Among the strategic consequences of Khrushchev's policy should be called the elimination of the military presence of the USSR in almost all countries of the Balkan region - participants in the Warsaw Pact. And this happened even before the resignation of Khrushchev. And it's not just the notorious anti-Stalinist decisions of the 20th and 22nd CPSU congresses, which were rejected behind the scenes or publicly by these countries. But also in the unceremonious attempts of the Khrushchev leadership to impose their foreign policy line on the Balkan countries.
One way or another, but at the turn of the 50s and 60s, the military-political positions of the USSR in the Balkans were significantly weakened. In contrast to the growing influence of the United States and NATO in the same countries. The process began in Albania. Since 1955, the USSR had virtually extraterritorial rights to a naval base near the port of Vlore, which is near Greece and Italy, separated from it by the narrow 60-kilometer Otrant Strait. This base made it possible to control NATO's maritime communications in the Adriatic, in the Central and Eastern Mediterranean.

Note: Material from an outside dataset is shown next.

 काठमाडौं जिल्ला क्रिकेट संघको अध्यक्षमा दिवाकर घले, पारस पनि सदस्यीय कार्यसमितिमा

The USSR received the right to use the Vlora port and its water area back in 1950, in connection with the plans of Yugoslavia and Greece to divide the friendly USSR Albania. At the same time, the ports of Tito Yugoslavia were actually under Soviet supervision from Vlora. The need for such control was caused by the fact that already in 1951 Yugoslavia entered into an open-ended agreement with the United States "On ensuring security." We must not forget that the treaty was valid until the collapse of the SFRY, and in particular, it allowed the American Air Force and Navy to “visit” the airspace and seaports of Yugoslavia without restrictions.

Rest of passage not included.